**** Data

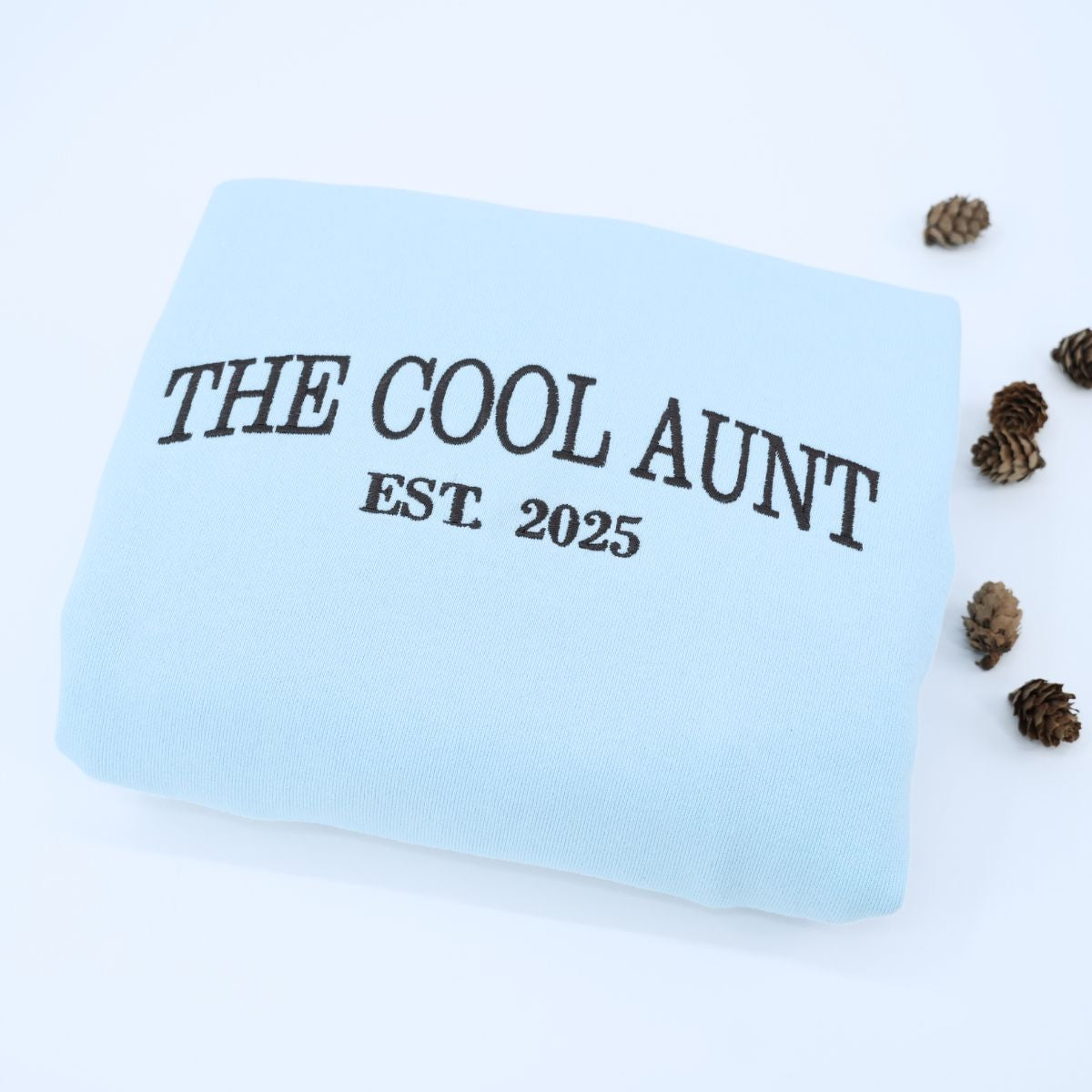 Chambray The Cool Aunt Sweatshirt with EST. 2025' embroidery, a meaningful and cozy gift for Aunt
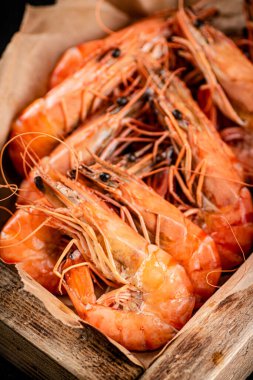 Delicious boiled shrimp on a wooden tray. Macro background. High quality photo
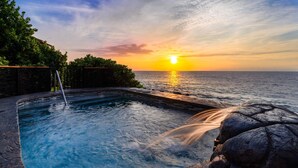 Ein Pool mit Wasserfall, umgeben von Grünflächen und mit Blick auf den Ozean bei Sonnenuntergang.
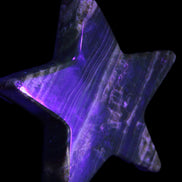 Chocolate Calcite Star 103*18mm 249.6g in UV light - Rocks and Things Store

********

◆ **Aim of the exercise**: Transcribe every line of the data exactly. No pictures go in the copy.

◆ **Written solution**:
 Chambray The Cool Aunt Sweatshirt with EST. 2025' embroidery, a meaningful and cozy gift for Aunt
 Delicious boiled shrimp on a wooden tray. Macro background. High quality photo
 Ein Pool mit Wasserfall, umgeben von Grünflächen und mit Blick auf den Ozean bei Sonnenuntergang.
 Chocolate Calcite Star 103*18mm 249.6g in UV light - Rocks and Things Store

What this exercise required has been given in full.